GPH-NDFP peace talks: Is the Aquino gov’t setting the stage for all-out war?
The peace negotiations between the Government of the Philippines (GPH) and the National Democratic Front of the Philippines (NDFP) have hit a snag after the GPH refused to release imprisoned NDFP consultants, effectively suspending the new round of formal talks proposed to take place this September.
In the joint statement issued by both parties in February 2011, the GPH committed to work for the “expeditious release of all or most of the fourteen (14) NDFP listed Joint Agreement on Safety and Immunity Guarantees (JASIG) consultants and personalities before the second round of formal talks subject to verification as provided in the JASIG Supplemental Agreement dated June 26, 1996, or on the basis of humanitarian and other practical reasons.”
The GPH now seems to be reneging from this and has even assailed the NDFP for imposing this as an unreasonable “precondition” for the second round of talks. Government spokespersons in various instances are quoted as saying that they are not obligated to release the consultants and that these are only “confidence-building” measures which the GPH can choose not to implement.
The GPH has gone so far as to declare that JASIG “inoperative,” a statement that has been assailed as “foolish” and has dangerous implications for the talks. For one, the GPH panel cannot terminate an agreement that is signed by principals of both parties, it would need the signature of its principal to do so. More importantly, the continuation of the talks requires that both panels uphold previous agreements including JASIG, which ensures safety and immunity of panel members and consultants. The NDFP has also clarified that the release of the consultants is not a precondition but an obligation of the GPH under JASIG and affirmed in the February joint statement.
Indeed, how can the talks continue when negotiators and consultants are under constant threat of arrest, detention, and assasination? And how can there be any substantial agreement reached when both parties cannot even agree to uphold security and immunity of the panels and their consultants?
The GPH is blaming the NDFP for the continued detention of the consultants through a flimsy argument of technicality. Padilla says that the verification process for the identification of the consultants has failed because the NDFP violated JASIG and used encrypted diskettes which are now corrupted and cannot be opened.
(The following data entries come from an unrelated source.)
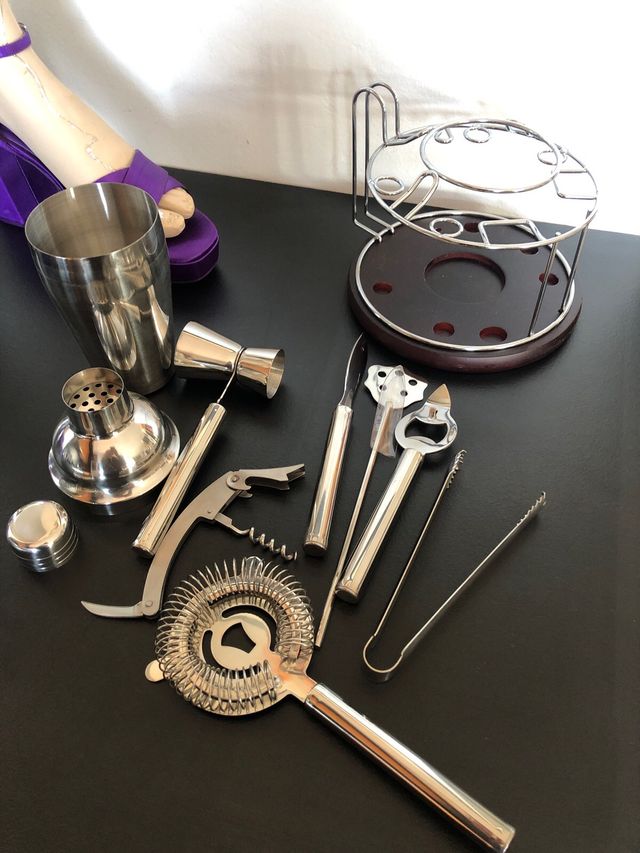 Set Coctelería Bartender Metal NUEVO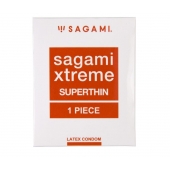Ультратонкий презерватив Sagami Xtreme SUPERTHIN - 1 шт. - Sagami - купить с доставкой в Ноябрьске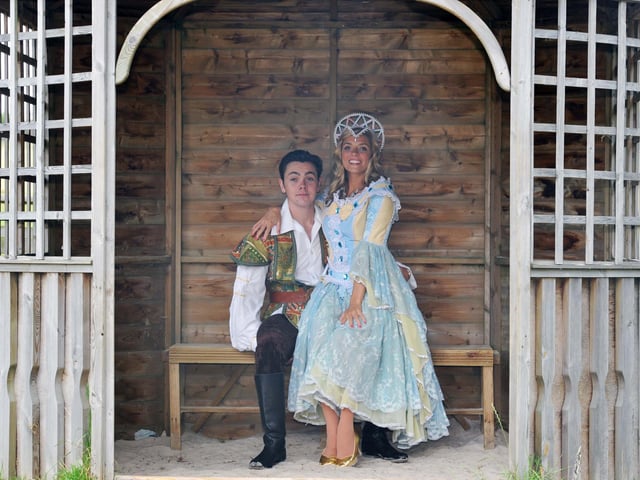 Pictured in 2010, Ray Quinn as Jack and Emma Stephens as the princess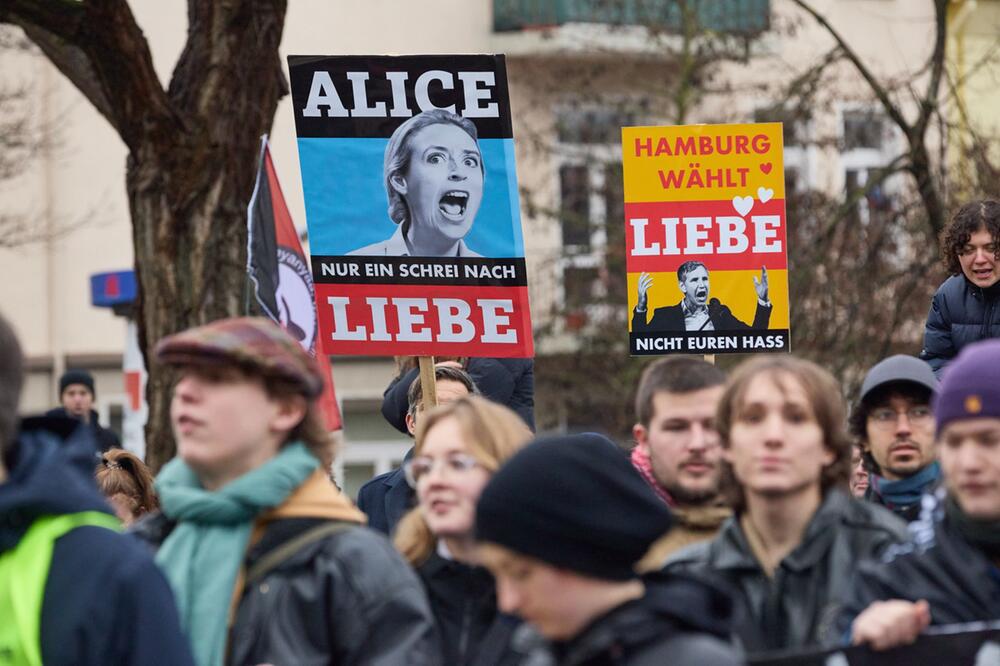 Anti-AfD-Kundgebungen in Hamburg-Harburg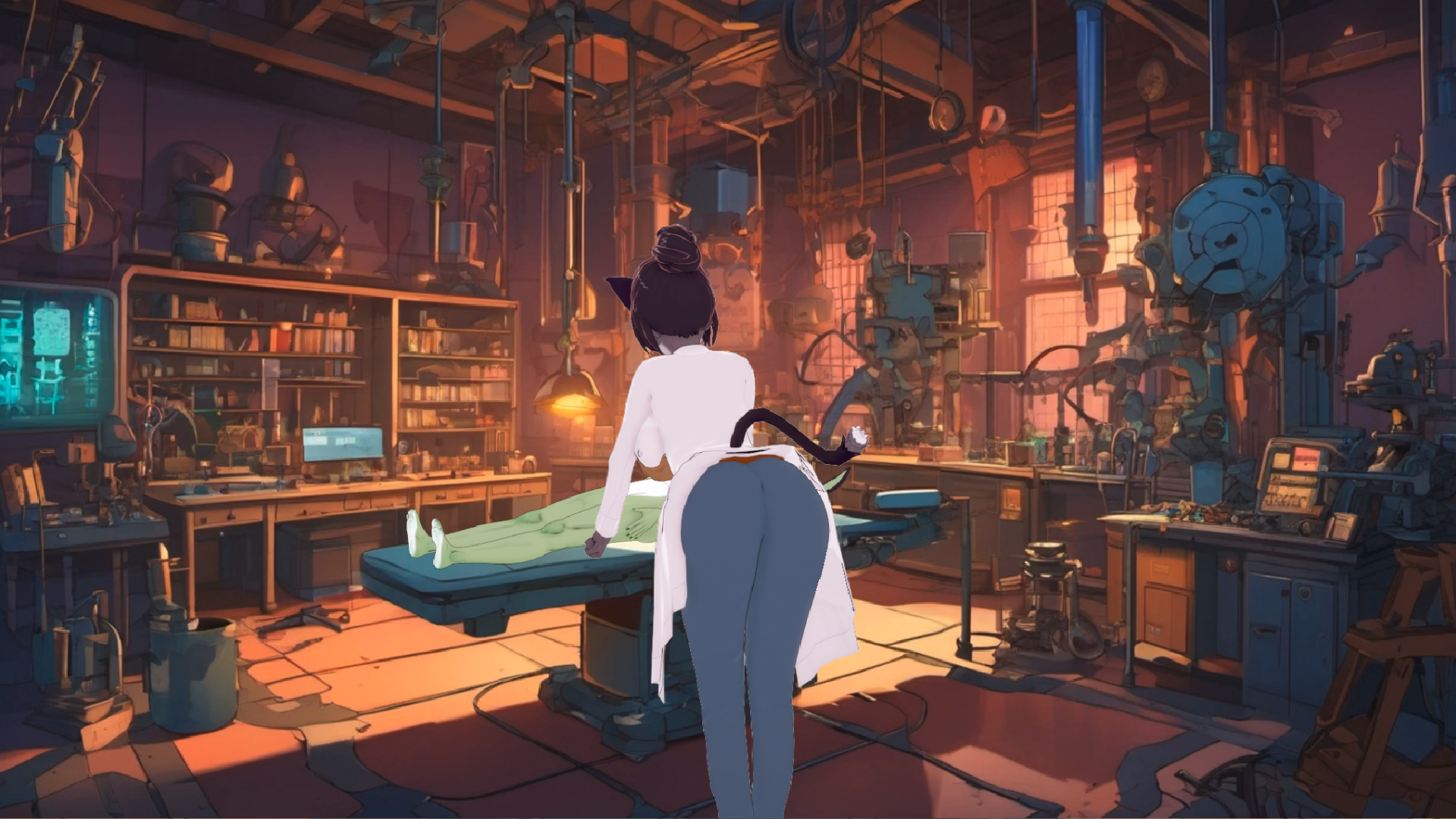 VN Ren'Py Abandoned FrankenFur [v0.1.1] [PorkyPy]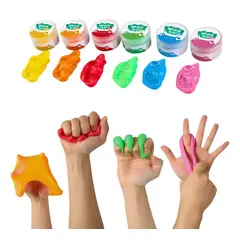 GENERICO - Masa Terapéutica para Manos Pack 6 Unidades Colores Surtidos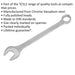 30mm Combination Spanner - Fully Polished Heads - Chrome Vanadium Steel Loops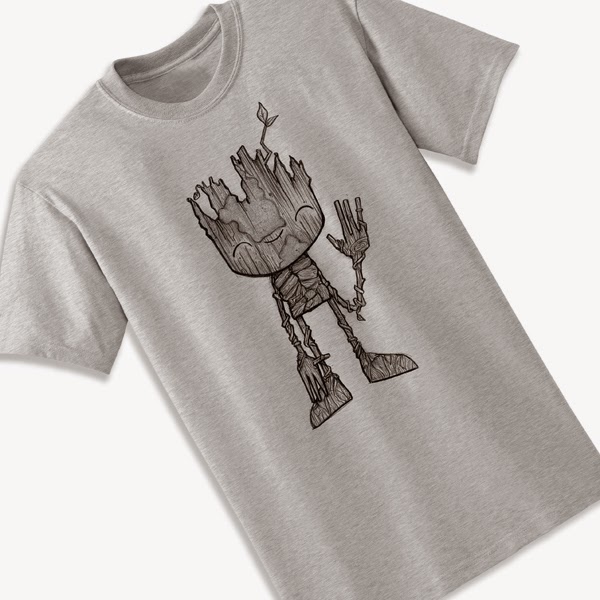 “Bark” Guardians of the Galaxy Groot T-Shirt by UME Toys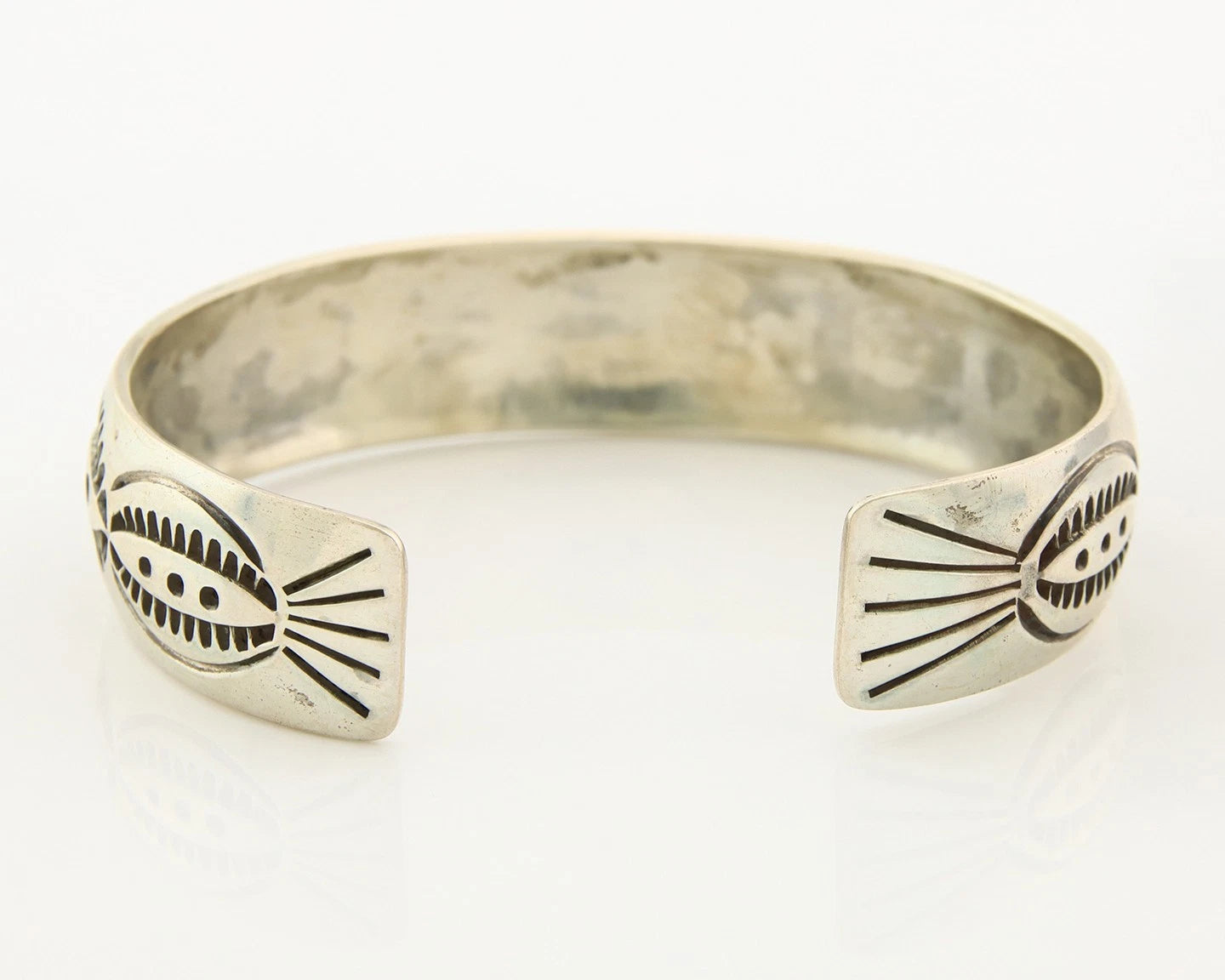 Navajo Cuff Bracelet Sterling Silver Authentic Turquoise Signed Stanley Bain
The Philippine Peace Center however criticized Padilla and explained that legal jurisprudence holds that encrypted documents are deemed identical to and of the same value as the document itself and that the GPH has previously accepted the NDFP’s explanation for encrypting the documents as a necessary or reasonable security measure.
The group also said that the GPH and Padilla is aware that the that the JASIG stipulates that the photographs in the safety deposit box are not the sole means of verifying whether one is a duly-accredited or JASIG-protected person or not, but only serve as further verification if necessary.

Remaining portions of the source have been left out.